Type-Parametric Segment Trees In Scala

stree_small

In my post Functional Solution to Range Minimum Query (RMQ) using Segment Trees in Scala I explained how to efficiently solve the problem of finding the minimum element of an arbitrary sub-vector of integers. In that article I used a Segment Tree in which each node and leaf has an integer value, which is the minimum of the sub-vector defined by the corresponding range. In this article, I will explain how to use Segment Trees to solve a more general class of problems. Before introducing the solution, we need to answer the question, what are the functions, other the min:Int+ -> Int,  which can be computed efficiently using Segment Trees? Intuitively, some other functions are max(), sum(), avg(), probability(), etc. What do these functions have in common? It is the fact that they may be computed over each element in a given range or, more efficiently, using intermediate results, like their value computed over defined sub-ranges. In my article about RMQ we have seen that an efficient solution to the range minimum problem is based on a Segment Tree which stores the minimum of certain sub-ranges of the given integer vector. Using this technique, instead of iterating over the whole given sub-vector of n elements it is possible to execute only log2(n) computation steps. The same applies to max(), sum(), avg(), probability() computed over a range, and other similar functions, when their computation is optimised using Segment Trees.

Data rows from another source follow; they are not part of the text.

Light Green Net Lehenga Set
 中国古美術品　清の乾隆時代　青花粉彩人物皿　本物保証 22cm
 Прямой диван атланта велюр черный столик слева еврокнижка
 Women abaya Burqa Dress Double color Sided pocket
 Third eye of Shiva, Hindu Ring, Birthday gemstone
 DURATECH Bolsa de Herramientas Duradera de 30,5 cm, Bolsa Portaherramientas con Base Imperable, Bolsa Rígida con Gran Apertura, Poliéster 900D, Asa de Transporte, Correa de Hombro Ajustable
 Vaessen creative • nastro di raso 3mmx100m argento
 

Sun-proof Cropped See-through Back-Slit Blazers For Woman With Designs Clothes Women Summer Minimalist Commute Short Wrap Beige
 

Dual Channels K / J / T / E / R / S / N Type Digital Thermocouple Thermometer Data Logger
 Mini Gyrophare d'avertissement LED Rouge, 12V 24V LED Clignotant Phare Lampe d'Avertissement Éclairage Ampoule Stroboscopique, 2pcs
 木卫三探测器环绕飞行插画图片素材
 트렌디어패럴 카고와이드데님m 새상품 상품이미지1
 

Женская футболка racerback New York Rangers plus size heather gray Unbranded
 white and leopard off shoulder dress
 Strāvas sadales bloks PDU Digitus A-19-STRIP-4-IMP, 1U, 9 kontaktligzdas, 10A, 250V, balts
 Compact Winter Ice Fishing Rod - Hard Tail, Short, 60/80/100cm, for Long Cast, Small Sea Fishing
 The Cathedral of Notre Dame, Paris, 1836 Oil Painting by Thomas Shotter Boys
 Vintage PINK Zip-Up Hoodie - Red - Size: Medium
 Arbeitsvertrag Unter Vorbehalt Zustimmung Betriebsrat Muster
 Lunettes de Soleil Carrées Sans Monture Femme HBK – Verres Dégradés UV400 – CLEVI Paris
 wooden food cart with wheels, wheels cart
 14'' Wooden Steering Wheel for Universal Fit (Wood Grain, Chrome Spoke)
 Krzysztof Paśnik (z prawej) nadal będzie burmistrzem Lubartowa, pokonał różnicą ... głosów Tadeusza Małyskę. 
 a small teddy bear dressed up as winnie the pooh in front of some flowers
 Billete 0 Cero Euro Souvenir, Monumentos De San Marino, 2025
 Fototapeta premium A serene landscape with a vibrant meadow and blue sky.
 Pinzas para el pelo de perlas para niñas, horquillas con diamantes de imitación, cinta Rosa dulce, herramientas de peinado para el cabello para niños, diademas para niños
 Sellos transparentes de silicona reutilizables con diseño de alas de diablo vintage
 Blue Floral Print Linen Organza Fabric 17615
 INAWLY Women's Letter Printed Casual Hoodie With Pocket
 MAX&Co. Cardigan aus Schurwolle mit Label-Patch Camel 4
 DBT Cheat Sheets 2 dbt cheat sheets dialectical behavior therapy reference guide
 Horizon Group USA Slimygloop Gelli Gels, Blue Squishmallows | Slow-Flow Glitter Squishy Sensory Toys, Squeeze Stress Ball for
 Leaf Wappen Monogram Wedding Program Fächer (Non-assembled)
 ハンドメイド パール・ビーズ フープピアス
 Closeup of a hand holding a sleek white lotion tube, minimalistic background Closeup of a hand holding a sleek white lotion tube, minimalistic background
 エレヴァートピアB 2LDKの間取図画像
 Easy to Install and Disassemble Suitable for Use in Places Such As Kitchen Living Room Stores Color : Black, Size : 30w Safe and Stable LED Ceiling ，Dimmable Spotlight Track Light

In general, the functions we are targeting with Type-Parametric Segment Trees can be defined like this.

Definition
Let v be a Vector of n elements of type X, say, val v: Vector[X], and f a function f:X+ -> V. Function f can be solved efficiently using a Type-Parametric Segment Tree if and only if:
g: (V x V) -> V, such that
∀n >= 2, ∀i ∈ {0, n-2}    f(x0, x1, …, xn-1) = g(f(x0, x1, …, xi), f(xi+1, …, xn-1))                 (1)

Example: min()
Function min() clearly satisfies the definition above because the minimum of a set of elements can also be determined as the minimum of the minimum values computed over any two partitions of the same set.

Example: avg()
Let:
1) n ∈ Integer, such that n > 0;
2) val a = Vector[Integer], with a.length == n;
3) i, j ∈ Integer such that i, j >= 1 and i+j == n
4) avgn() the average computed over all n elements of vector a
5) avgi() the average computed over the first i elements of vector a
6) avgj() the average computed over the last j elements of vector a

We define our function g as follows:
7) g(avgi(), avgj()) = (i/n)(avgi()) + (j/n)(avgj())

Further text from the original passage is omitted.